Data extract ::
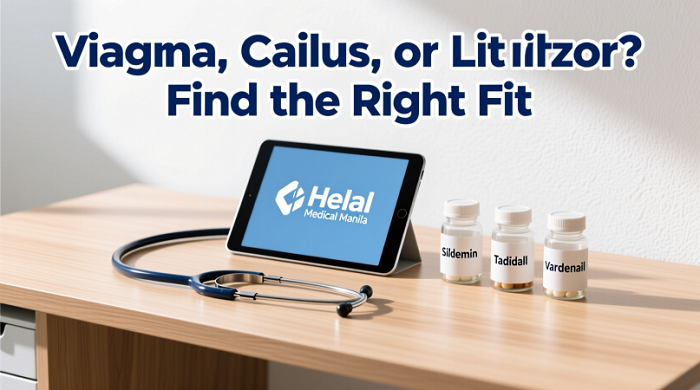 Compare Viagra, Cialis and Levitra: Finding Your Fit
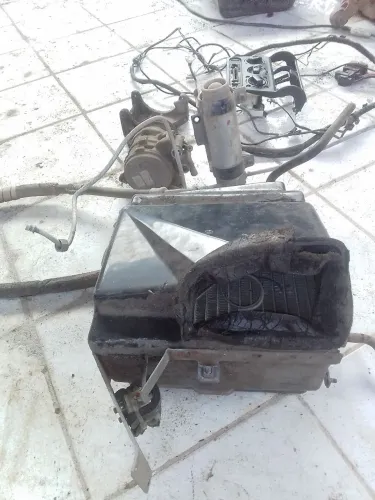 Kit ar condicionado Corça wid 1.0 98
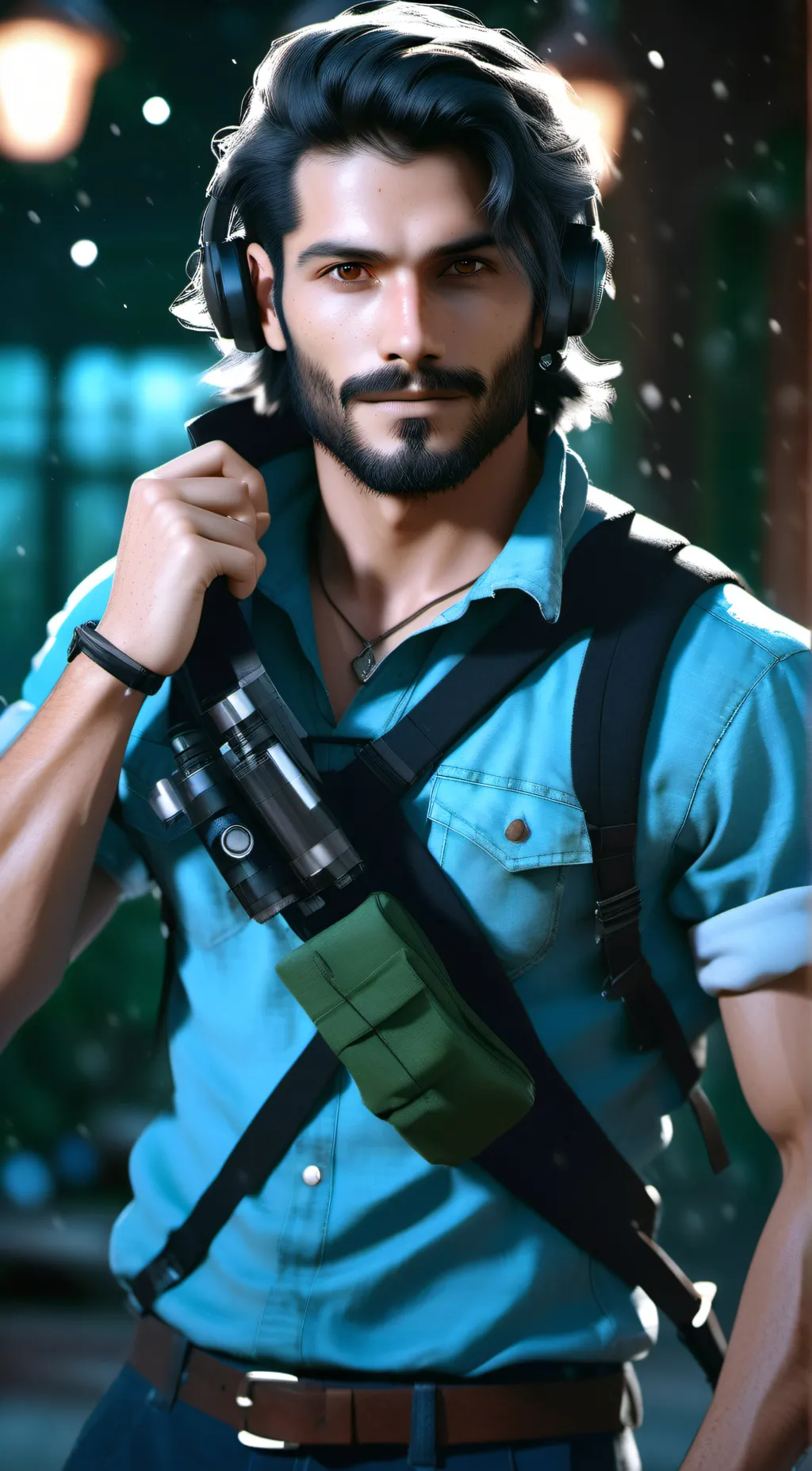 ai character: Gunner background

Required action ::
Copy out all the data above exactly, pictures excluded.

Answer to the exercise ::
 Compare Viagra, Cialis and Levitra: Finding Your Fit
 Kit ar condicionado Corça wid 1.0 98
 ai character: Gunner background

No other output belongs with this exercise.